··· SOURCE MATERIAL

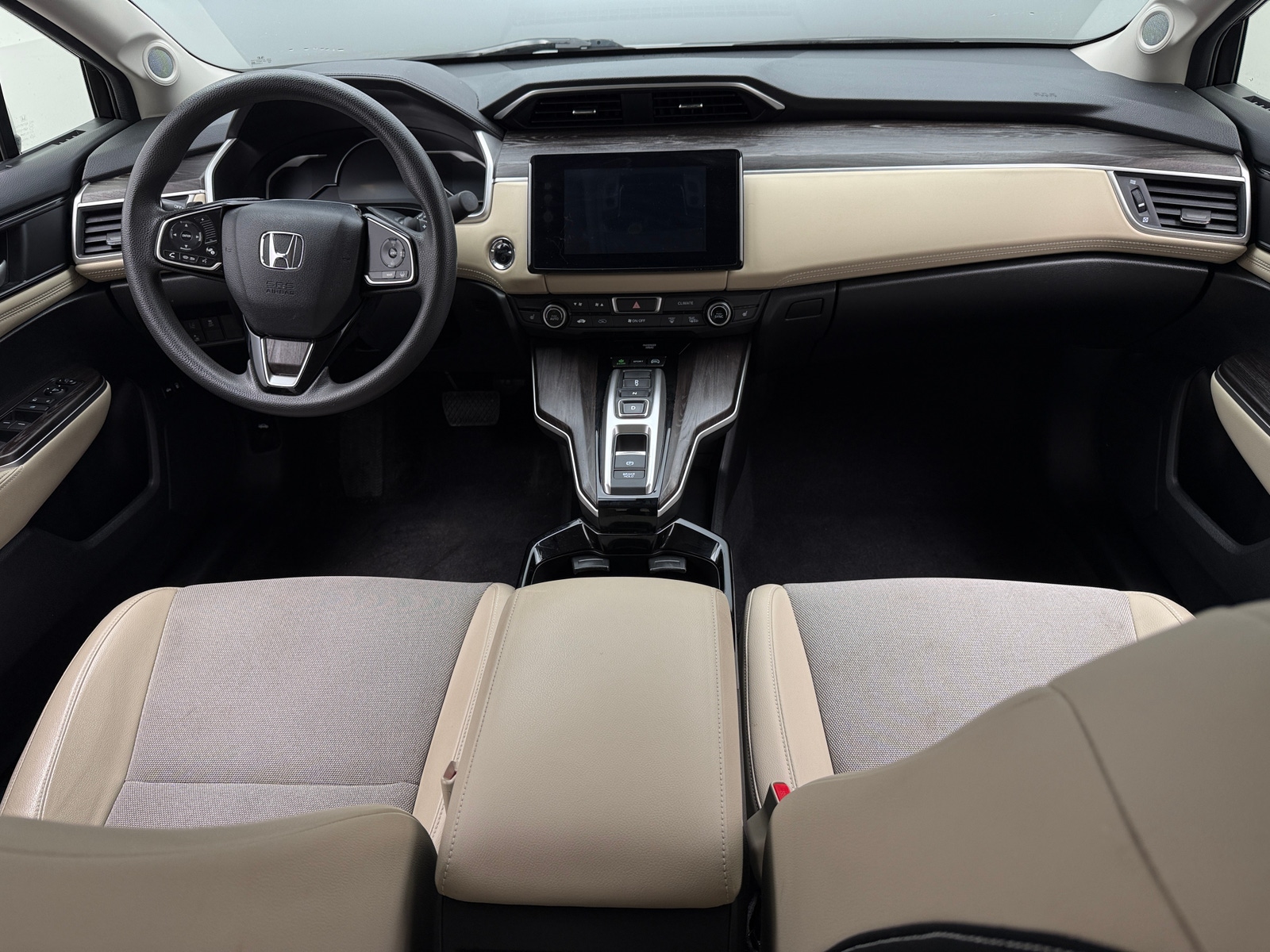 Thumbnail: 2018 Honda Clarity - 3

······
··· SOURCE MATERIAL

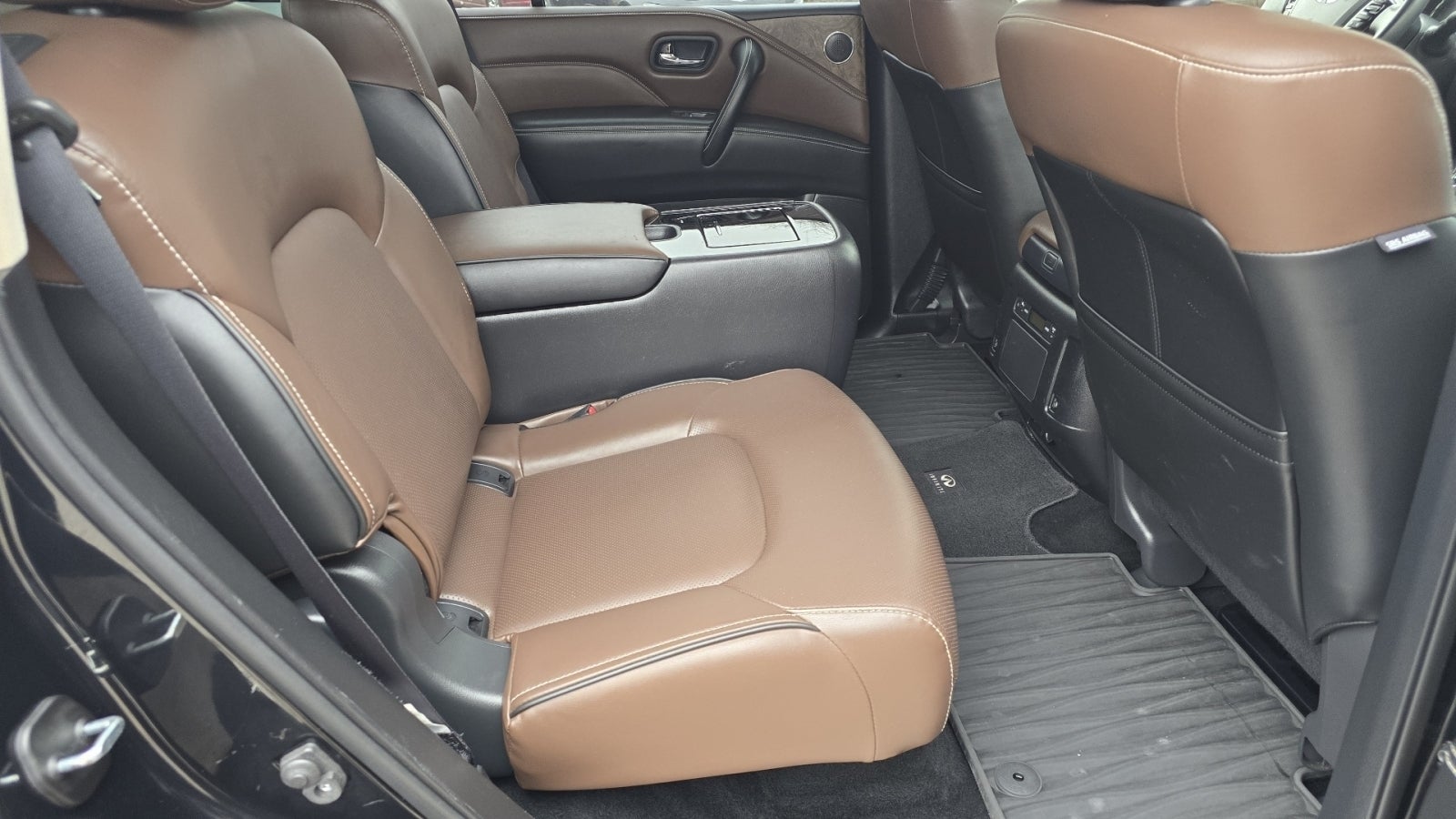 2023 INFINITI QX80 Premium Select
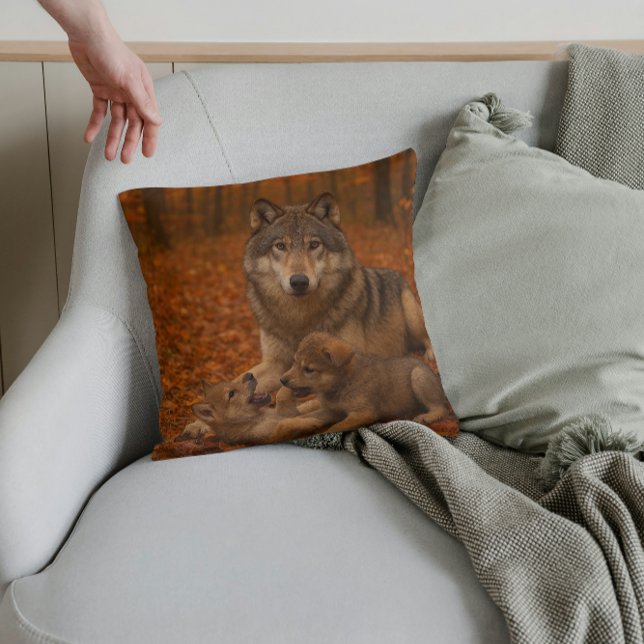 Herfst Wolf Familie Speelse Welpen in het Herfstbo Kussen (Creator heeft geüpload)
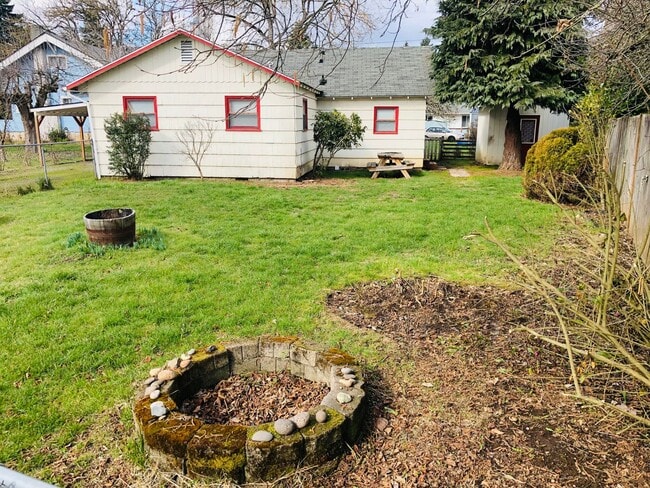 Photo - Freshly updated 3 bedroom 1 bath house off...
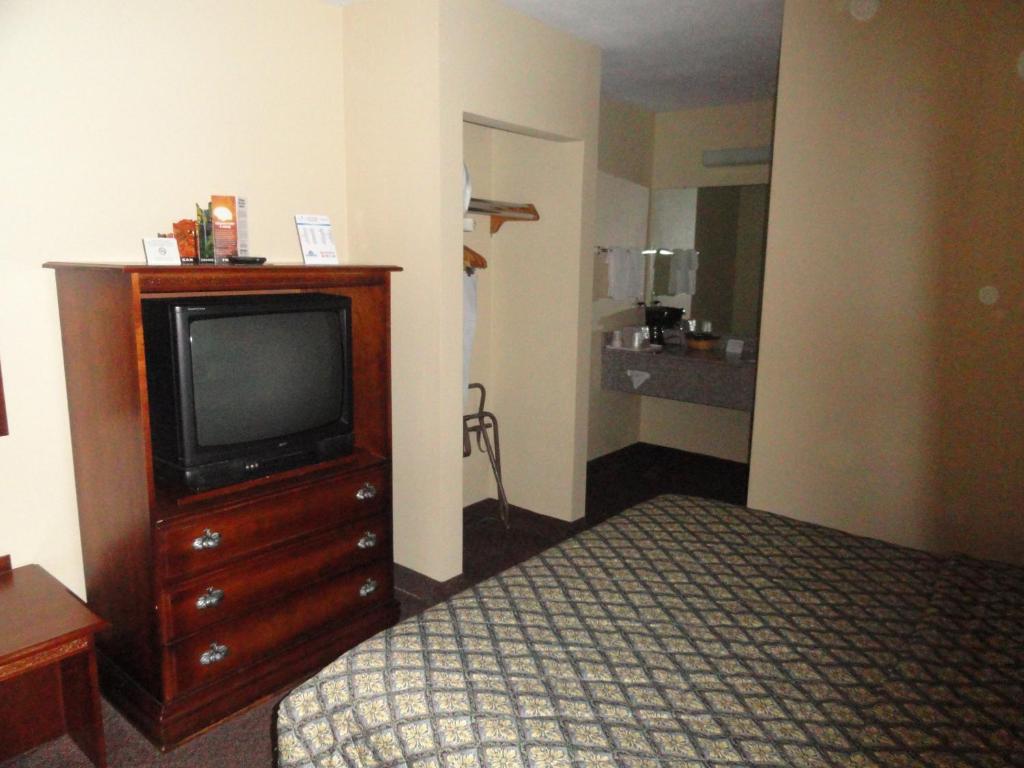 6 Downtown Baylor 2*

······

* **DESCRIPTION OF THE TASK**
Using the data above, retype exactly the lines from the line with "Herfst Wolf Familie" to the line with "6 Downtown Baylor 2*", inclusive. No pictures and nothing else.

* **REPLY**
 Herfst Wolf Familie Speelse Welpen in het Herfstbo Kussen (Creator heeft geüpload)
 Photo - Freshly updated 3 bedroom 1 bath house off...
 6 Downtown Baylor 2*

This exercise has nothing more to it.